The Portland Offense

John Hollinger explains how last year’s Trailblazers put together one of the best offenses in the league:

The Blazers succeeded with the unusual style that Nate McMillan imported from Seattle. His teams have a unique signature — they regularly rank among the league leaders in offensive efficiency and offensive rebound rate while simultaneously finishing among the league’s slowest-paced teams. Most people think of offensive juggernauts as wild run-and-gun outfits, but the Blazers succeeded with half-court execution and second shots much as McMillan’s outfits with the Sonics did.

Portland played the league’s second-slowest pace, averaging only 89.3 trips per side, and that both muted the players’ averages and obscured how devastating they were offensively. The Blazers were deadly efficient, averaging 110.3 points per 100 possessions — ranking second only to Phoenix in offensive efficiency. Despite a lack of brand-name players, they placed ahead of both the Lakers and Cleveland.
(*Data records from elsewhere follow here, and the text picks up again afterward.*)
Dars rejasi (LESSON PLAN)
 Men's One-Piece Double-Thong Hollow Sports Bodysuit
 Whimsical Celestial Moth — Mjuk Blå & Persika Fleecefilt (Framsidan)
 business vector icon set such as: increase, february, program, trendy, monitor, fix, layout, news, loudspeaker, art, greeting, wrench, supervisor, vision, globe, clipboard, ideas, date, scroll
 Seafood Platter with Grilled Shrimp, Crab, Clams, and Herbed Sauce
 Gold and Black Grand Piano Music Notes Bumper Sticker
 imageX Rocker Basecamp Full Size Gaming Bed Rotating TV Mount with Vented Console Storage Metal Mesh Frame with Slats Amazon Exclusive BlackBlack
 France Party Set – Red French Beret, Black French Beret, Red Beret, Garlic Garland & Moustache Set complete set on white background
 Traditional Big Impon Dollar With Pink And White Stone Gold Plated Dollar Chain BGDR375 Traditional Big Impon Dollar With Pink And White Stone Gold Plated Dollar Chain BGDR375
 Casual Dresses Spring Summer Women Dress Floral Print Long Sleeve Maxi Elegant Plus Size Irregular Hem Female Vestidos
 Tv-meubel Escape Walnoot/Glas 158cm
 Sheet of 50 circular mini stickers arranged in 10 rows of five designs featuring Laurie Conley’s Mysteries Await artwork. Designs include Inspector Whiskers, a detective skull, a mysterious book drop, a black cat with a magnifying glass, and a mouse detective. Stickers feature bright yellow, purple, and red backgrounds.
People tend not to believe that Portland had a great offense last year. This is in part because the slow pace led to low per game totals, but also because of the perception that they lack effective offensive players beyond Brandon Roy. This in turn stems in part from the quirk whereby people tend to think of put-backs and such as a kind of second-class scoring. The reality, however, is that grabbing offensive rebounds that lead to easy points is a way of putting points on the board that count toward the final tally. “Believe it or not,” Hollinger writes “they did it while barely shooting better than the league average.” But the minimized turnovers and maximized offensive rebounds and that got the job done.